I've been looking out at Fracino machines as a possible upgrade path from my PID'd Gaggia Classic.

I've seen this machine up for sale:









Can anyone advise what model it is, whether it is a good upgrade option? I have been leaning towards a plumbed in model and this seems to fit the bill.


----------



## jimbojohn55 (Jan 15, 2016)

Think it shares a lot of internals with the Piccino which has thermal stability issues


----------



## espressotechno (Apr 11, 2011)

Fracino Classic, commercial 1 group semi-auto, HX system, probably 5 litre boiler, E61 type group head, 13amp plug-in

Nice big ion-resin water softener, so descale maybe not necessary.

Spares easy to source & easy to service / repair.


----------



## _shakeyjake_ (Dec 16, 2016)

jimbojohn55 said:


> Think it shares a lot of internals with the Piccino which has thermal stability issues





espressotechno said:


> Fracino Classic, commercial 1 group semi-auto, HX system, probably 5 litre boiler, E61 type group head, 13amp plug-in
> 
> Nice big ion-resin water softener, so descale maybe not necessary.
> 
> Spares easy to source & easy to service / repair.


Thanks for the feedback guys.

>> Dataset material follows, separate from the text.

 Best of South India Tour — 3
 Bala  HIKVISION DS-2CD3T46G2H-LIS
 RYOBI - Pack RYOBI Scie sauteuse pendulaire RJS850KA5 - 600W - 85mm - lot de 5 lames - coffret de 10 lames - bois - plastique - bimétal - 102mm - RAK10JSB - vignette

So do heat exchange systems typically have thermal stability issues or just this model in particular?


----------



## jimbojohn55 (Jan 15, 2016)

_shakeyjake_ said:


> Thanks for the feedback guys. So do heat exchange systems typically have thermal stability issues or just this model in particular?


Just the piccano , espresso techno, has far better knowledge of these machines, HX are for the most part pretty competant


----------